Dataset content:
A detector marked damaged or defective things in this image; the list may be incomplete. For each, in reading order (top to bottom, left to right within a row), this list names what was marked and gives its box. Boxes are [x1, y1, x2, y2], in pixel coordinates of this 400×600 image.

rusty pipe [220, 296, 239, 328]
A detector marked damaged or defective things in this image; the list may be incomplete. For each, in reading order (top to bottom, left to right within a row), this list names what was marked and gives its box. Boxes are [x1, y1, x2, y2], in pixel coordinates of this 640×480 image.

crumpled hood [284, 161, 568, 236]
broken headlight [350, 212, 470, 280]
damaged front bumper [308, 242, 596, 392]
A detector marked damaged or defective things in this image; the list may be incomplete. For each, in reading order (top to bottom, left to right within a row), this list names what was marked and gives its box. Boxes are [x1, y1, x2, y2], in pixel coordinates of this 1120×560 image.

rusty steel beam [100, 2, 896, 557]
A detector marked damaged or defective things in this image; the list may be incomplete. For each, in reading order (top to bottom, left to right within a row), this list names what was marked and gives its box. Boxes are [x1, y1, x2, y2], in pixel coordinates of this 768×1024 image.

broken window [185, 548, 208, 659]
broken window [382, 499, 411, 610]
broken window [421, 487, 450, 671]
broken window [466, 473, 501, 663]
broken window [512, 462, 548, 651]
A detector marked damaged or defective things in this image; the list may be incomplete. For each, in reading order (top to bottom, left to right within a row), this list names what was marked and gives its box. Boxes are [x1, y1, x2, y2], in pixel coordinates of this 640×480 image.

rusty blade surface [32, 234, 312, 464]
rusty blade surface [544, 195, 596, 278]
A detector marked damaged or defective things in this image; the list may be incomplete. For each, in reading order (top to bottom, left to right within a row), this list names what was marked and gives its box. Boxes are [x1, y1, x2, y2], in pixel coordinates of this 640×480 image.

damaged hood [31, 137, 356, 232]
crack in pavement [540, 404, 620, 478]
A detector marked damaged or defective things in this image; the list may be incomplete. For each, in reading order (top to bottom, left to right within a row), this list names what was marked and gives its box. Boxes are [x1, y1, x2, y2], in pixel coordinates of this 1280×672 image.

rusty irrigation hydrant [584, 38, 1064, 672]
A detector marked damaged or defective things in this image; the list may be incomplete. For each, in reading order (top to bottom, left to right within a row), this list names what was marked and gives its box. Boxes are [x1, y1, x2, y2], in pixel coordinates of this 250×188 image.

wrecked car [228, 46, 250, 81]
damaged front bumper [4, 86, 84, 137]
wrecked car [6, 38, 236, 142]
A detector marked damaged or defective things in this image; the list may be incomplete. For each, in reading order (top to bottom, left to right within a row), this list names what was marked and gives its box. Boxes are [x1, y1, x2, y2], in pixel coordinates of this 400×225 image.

Aim of the exercise: Please write out the records above once more, exactly and completely.

Output for this exercise:
A detector marked damaged or defective things in this image; the list may be incomplete. For each, in reading order (top to bottom, left to right within a row), this list names what was marked and gives its box. Boxes are [x1, y1, x2, y2], in pixel coordinates of this 400×600 image.

rusty pipe [220, 296, 239, 328]
A detector marked damaged or defective things in this image; the list may be incomplete. For each, in reading order (top to bottom, left to right within a row), this list names what was marked and gives its box. Boxes are [x1, y1, x2, y2], in pixel coordinates of this 640×480 image.

crumpled hood [284, 161, 568, 236]
broken headlight [350, 212, 470, 280]
damaged front bumper [308, 242, 596, 392]
A detector marked damaged or defective things in this image; the list may be incomplete. For each, in reading order (top to bottom, left to right within a row), this list names what was marked and gives its box. Boxes are [x1, y1, x2, y2], in pixel coordinates of this 1120×560 image.

rusty steel beam [100, 2, 896, 557]
A detector marked damaged or defective things in this image; the list may be incomplete. For each, in reading order (top to bottom, left to right within a row), this list names what was marked and gives its box. Boxes are [x1, y1, x2, y2], in pixel coordinates of this 768×1024 image.

broken window [185, 548, 208, 659]
broken window [382, 499, 411, 610]
broken window [421, 487, 450, 671]
broken window [466, 473, 501, 663]
broken window [512, 462, 548, 651]
A detector marked damaged or defective things in this image; the list may be incomplete. For each, in reading order (top to bottom, left to right within a row), this list names what was marked and gives its box. Boxes are [x1, y1, x2, y2], in pixel coordinates of this 640×480 image.

rusty blade surface [32, 234, 312, 464]
rusty blade surface [544, 195, 596, 278]
A detector marked damaged or defective things in this image; the list may be incomplete. For each, in reading order (top to bottom, left to right within a row), this list names what was marked and gives its box. Boxes are [x1, y1, x2, y2], in pixel coordinates of this 640×480 image.

damaged hood [31, 137, 356, 232]
crack in pavement [540, 404, 620, 478]
A detector marked damaged or defective things in this image; the list may be incomplete. For each, in reading order (top to bottom, left to right within a row), this list names what was marked and gives its box. Boxes are [x1, y1, x2, y2], in pixel coordinates of this 1280×672 image.

rusty irrigation hydrant [584, 38, 1064, 672]
A detector marked damaged or defective things in this image; the list may be incomplete. For each, in reading order (top to bottom, left to right within a row), this list names what was marked and gives its box. Boxes are [x1, y1, x2, y2], in pixel coordinates of this 250×188 image.

wrecked car [228, 46, 250, 81]
damaged front bumper [4, 86, 84, 137]
wrecked car [6, 38, 236, 142]
A detector marked damaged or defective things in this image; the list may be incomplete. For each, in reading order (top to bottom, left to right within a row), this list names what was marked and gives its box. Boxes are [x1, y1, x2, y2], in pixel coordinates of this 400×225 image.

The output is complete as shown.